All of us make decisions in life. We decide to do something or we decide not to do something or change the way we do something. While we are successful sometimes, there are also quiet many failures. (By success I mean that we are able to stick to the decision and failure the opposite)

Have you ever wondered why we aren’t successful always? Even if we thought about it, we are most likely to attribute it to things like our will power. One reason why we are unable to see a pattern in our own decisions (and the success and failures) is that every time the decisions are different and look unique. It’s very rare we take the same decision over and over again.

 I had the great privilege of being a heavy smoker for many years. I had made numerous attempts to quit, and one important ritual in every attempt was my taking the decision ‘not to smoke ever in my life’. I failed repeatedly. Sometimes it was immediate; sometimes it took few hours, days or weeks before I succumbed to the temptation. Sometimes I was miserable and some other times happy.

When I analyzed these failures, I could see there were two separate aspects. One was the decision making itself and the other sustaining it through maintaining the mindset. If I made a good decision, that helped me have a great start. I could overcome the initial hurdle without serious problems. Similar to a rocket gaining the escape velocity to overcome the earth’s gravitational pull.But if the decision it self was weak, I failed almost immediately. Even when I made a good decision, my failure came from the second aspect – where could not sustain it.

So, when was it that I could take a good decision? I saw two scenarios:

  1. When I had done enough reflection and introspection (why am I doing this, what is it doing for me..etc)
  2. After an emotional outburst.

But still I couldn’t figure out why was my decisions were stronger in the above scenarios.

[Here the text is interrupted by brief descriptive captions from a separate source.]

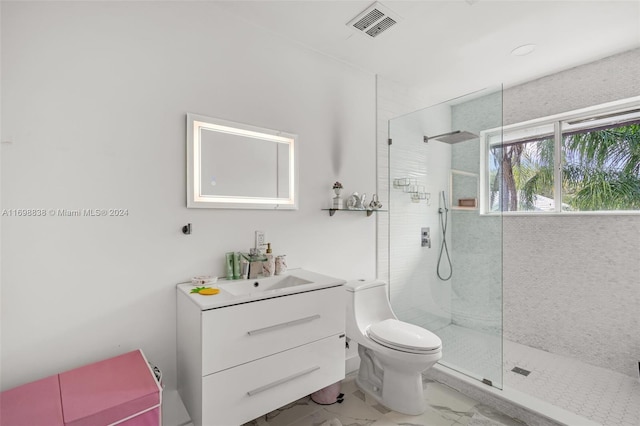 bathroom with vanity, toilet, and tiled shower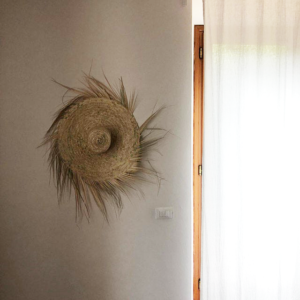 straw wall hat hanging provides additional benefits , like being stylish on the wall for a bohemian design or a keepsake item for an occasion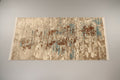 Textured rug on a wooden floor
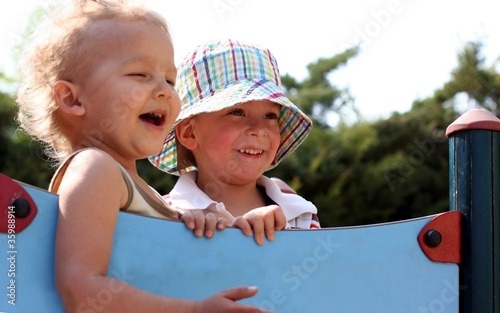 Two boys are laughing aloud and looking forward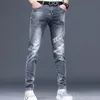 2023 Jeans invernali da uomo Aggiungi pantaloni di lana addensati Pantaloni di jeans da uomo slim vintage blu vintage hip-hop di alta qualità 240113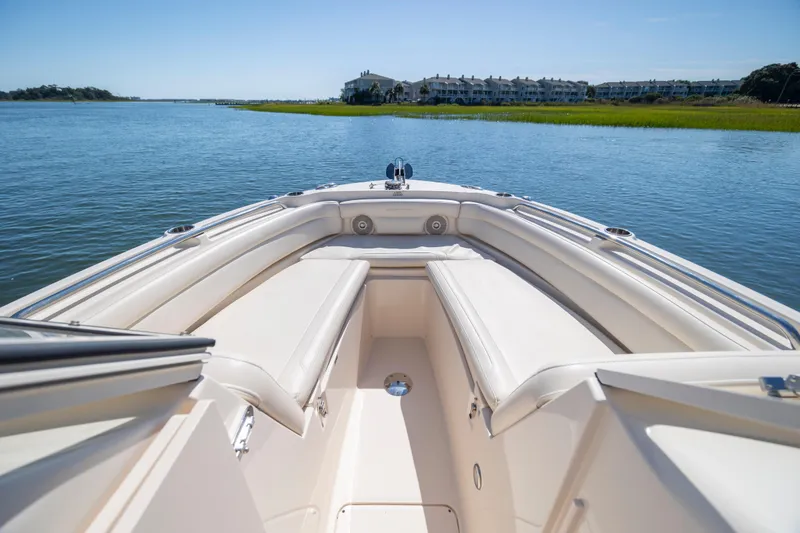 Slide: The Image of 2017 Grady-White Freedom 235 boat on calm water with scenic shoreline view. - 17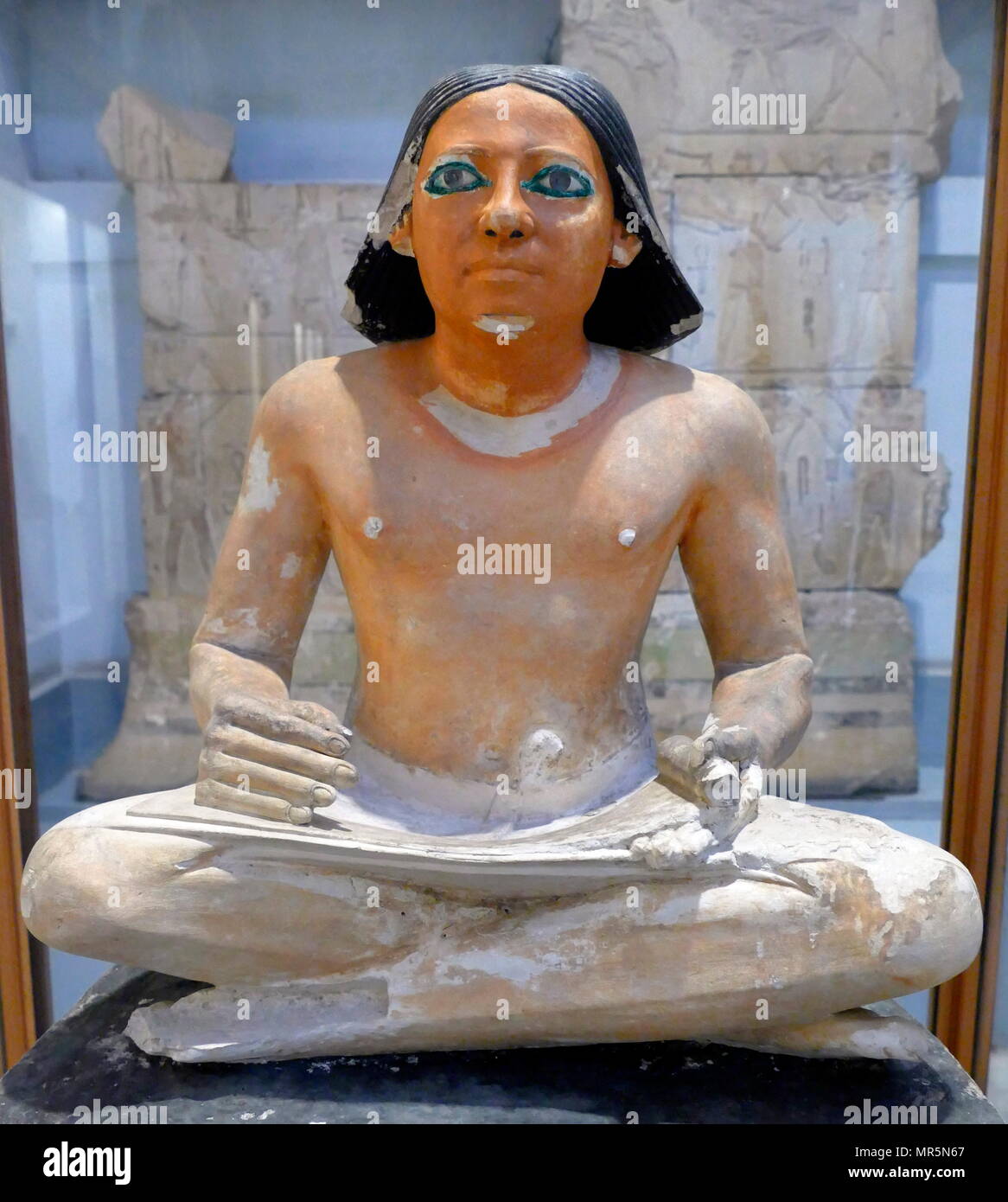painted limestone statue of an Egyptian scribe seated cross-legged holding an open papyrus scroll. 5th Dynasty, Saqqara. Stock Photo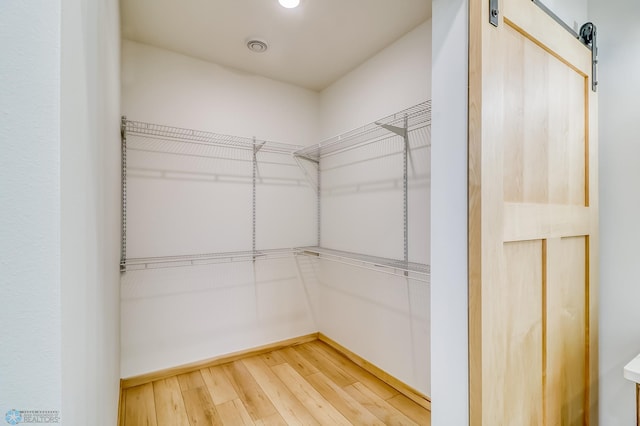 spacious closet with a barn door and hardwood / wood-style floors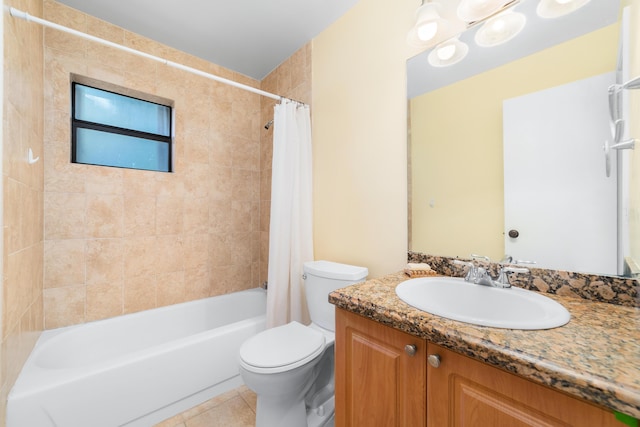 full bathroom with shower / bath combo with shower curtain, tile patterned flooring, vanity, and toilet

 Months later, I came across a technique from Yoga for making firm decisions. This is the technique:

Sit in with your eyes closed, spine erect. Take a deep breath and hold the breath inside. Now repeat the decision firmly and continuously in your mind. Keep holding the breath as long as you can. When you can’t hold any longer, breathe out completely. Now hold the breath outside and repeat the decision again in the mind. When you can’t any longer hold it out, breath in and hold and so on. Do this couple of times. And it seems, whatever decision you take like this, you wouldn’t be able to break even if you try to.

This was interesting. Holding breath is a stage in Pranayama called Kumbhaka. And what happens when you do Kumbhaka? – the mind stops (or the thoughts disappear). (Please do not attempt the above technique without guidance or knowledge)

Now the whole thing made sense. I could see a connection. I could see that in both the scenarios above, there was something interesting about the mind. In the first scenario, the deep reflection settled the mind (or the doubts) and the in the second mind just entered in to a void following an outburst. So in essence, I could see that the mind had to get out of the way if we have to take a firm decision. This is verified by the fact that there are times when I take a decision; I almost knew that it will not work. I could see that before even the decision is made, doubts arise in the mind and the decision is doomed even before it starts.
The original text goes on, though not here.